Figure 2: Periarticular osteopenia and symmetrical narrowing of the joint spaces of metacarpophalangeal and proximal interphalangeal joints.
Figure 3: Pink colored amyloid deposits in the lamina propria, stained by congo red when seen sunder light microscope.
GI amyloidosis is seen in up to 60% of the patients with secondary or reactive systemic amyloidosis, whereas, up to 8% of the patients with primary or Amyloid Light chain (AL) amyloidosis [2,3] GI amyloidosis has also been seen associated with dialysis- related, hereditary, localised and senile amyloidosis, although rarely. The pathogenesis of GI amyloidosis is due to direct mucosal infiltration, neuromuscular damage or rarely due to autonomic neuropathy (Figure 4). Tada et al.  reported the endoscopic and biopsy findings in 37 patients with GI amyloidosis and the frequency of amyloid deposition was maximum in the duodenum (100%) followed by stomach (95%), colorectum (91%), and esophagus (72%).
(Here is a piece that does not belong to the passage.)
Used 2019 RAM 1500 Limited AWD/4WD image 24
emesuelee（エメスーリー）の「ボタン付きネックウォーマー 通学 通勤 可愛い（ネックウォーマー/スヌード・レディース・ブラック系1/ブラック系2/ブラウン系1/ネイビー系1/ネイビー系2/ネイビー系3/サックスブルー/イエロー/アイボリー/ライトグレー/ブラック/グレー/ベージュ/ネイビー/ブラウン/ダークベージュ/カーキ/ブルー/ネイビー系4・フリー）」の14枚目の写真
Also, the degree of deposition of amyloid in the duodenum correlated with the frequency of positive endoscopic findings like polypoid protrusions, granular appearance etc . GI amyloidosis manifests as chronic diarrhea leading to protein losing gastroenteropathy, steatorrhea, hematemesis or motility dysfunction that includes constipation, vomiting, bloating, pseudoobstruction  GI amyloidosis is diagnosed usually by upper GI endoscopy and biopsy. Management is aimed at the proper treatment of the primary disease.
Figure 4: Amyloid deposits showing apple green bifringence under the plane-polarized microscope
GI amyloidosis is not an uncommon manifestation of secondary amyloidosis and must not be forgotten while evaluating chronic diarrhea in a patient with chronic inflammatory condition like RA.